GWR Group (ASX:GWR), which scaled back operations at its Wiluna West mine in September, has made its way back in the ring, announcing the resumption of full scale mining at the C4 deposit this morning.
Its shares rose as much as 17.2% or 2.5c to 17c.
The miner, which faces a 700km-odd haulage route from its deposit near Wiluna to the Port of Geraldton, halted mining of fresh ore last year after falling prices and higher freight costs obliterated its margins.
Those conditions have now reversed, with GWR aiming to bring down costs and hedge three shipments between February and July to protect against the threat of more price volatility.
GWR has around 20Mt of iron ore at C4 still to mine, with 2Mt accessible at low strip ratios in the Stage 1 pit remnants and the Stage 2 pit where it is trying to access high grade lump ore which draws a premium from Asian steel makers.
It could add a second vessel each month on interest from Malaysia, Indonesia and China, GWR said.
“It is great to see the flagship C4 Iron Ore mine back in full production, having worked through the recent volatility in iron ore prices, the GWR team has been able to refine its operations focused on cost reduction and fixed priced contract shipments,” GWR chairman Gary Lyons said.
“Due to the nature of our high-grade iron ore, we have been able to take advantage of alternative markets such as Malaysia and Indonesia as well as China.
“There are many moving parts to our operation, and I am very pleased with our ability to tie these in all together as we continue to build our haulage fleet with long term haulage contractors supplemented by additional haulage companies.”
It is further evidence of the volatility in the iron ore market, which has seen high cost junior iron ore miners open up when times suddenly get good and go dormant when prices dive just as quickly.
C4 was one of a number of mines wound down in the second half of 2021, along with Venture Minerals’ (ASX:VMS) Riley mine in Tasmania, Mt Gibson’s (ASX:MGX) low grade Shine mine in WA’s Mid West and a small number of privately owned operations.
GWR neighbour CuFe Limited (ASX:CUF) and Fenix Resources (ASX:FEX), also in the Mid-West, were able to keep going thanks to important hedging arrangements that helped cover costs, although Fenix still suffered a loss of $26 on each wet metric tonne shipped from its Iron Ridge mine in the December quarter.
But 62% Fe prices have turned around significantly, rising from lows of US$87/t in November last year to US$119/t by the end of 2021 and climbing even further to US$142/t today, having touched US$147.90/t last Friday.

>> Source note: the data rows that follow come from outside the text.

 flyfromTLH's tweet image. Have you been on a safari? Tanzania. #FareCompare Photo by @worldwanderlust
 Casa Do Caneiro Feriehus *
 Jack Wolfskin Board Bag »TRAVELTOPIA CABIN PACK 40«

That is 70% up on the 12-month low. Supply issues out of Brazil and Australia and expectations of higher Chinese infrastructure demand have driven the sharp uptick in prices.

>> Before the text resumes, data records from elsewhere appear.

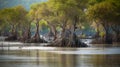 flooded mangrove trees generative ai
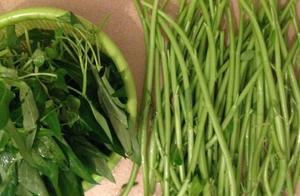 If You Can't Finish This Vegetable, Throw It in a Flower Pot – It Will Grow and Grow!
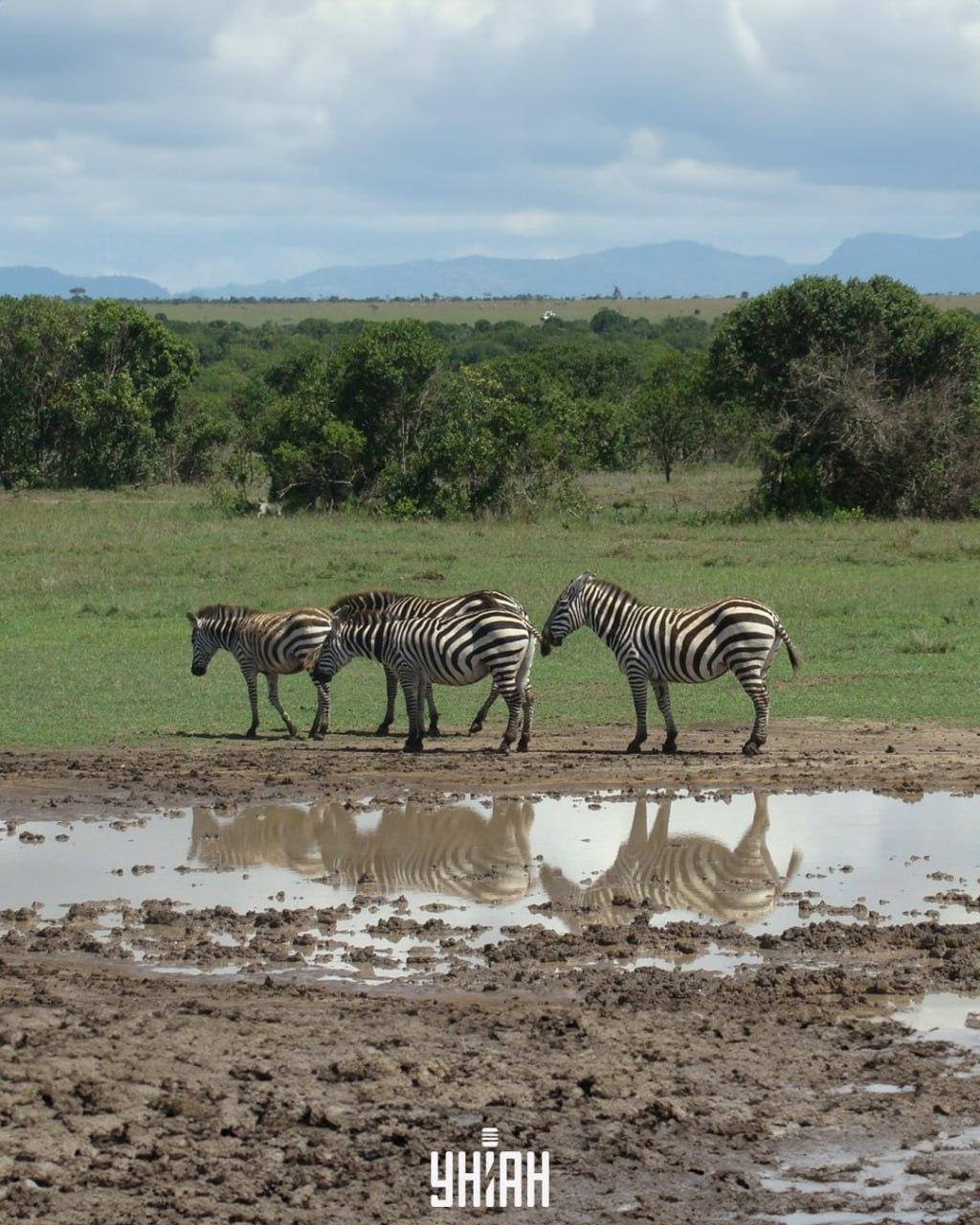 Suni ir nepieciešams atrast laikā / kolāža ar Moje foto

The 530 Bench being mined at C4 includes 111,000t of ore averaging 62% Fe, but some of the C4 resource is higher than that and normally attracts a premium to the benchmark price because it can be sold as lump.
Lump doesn’t need to be sintered, meaning it can be processed into steel with less coke and lower carbon emissions.
GWR said a January shipment shared with CuFe left port on January 29, containing 30,428t of GWR’s 64.7% lump on a US$100/t fixed price basis.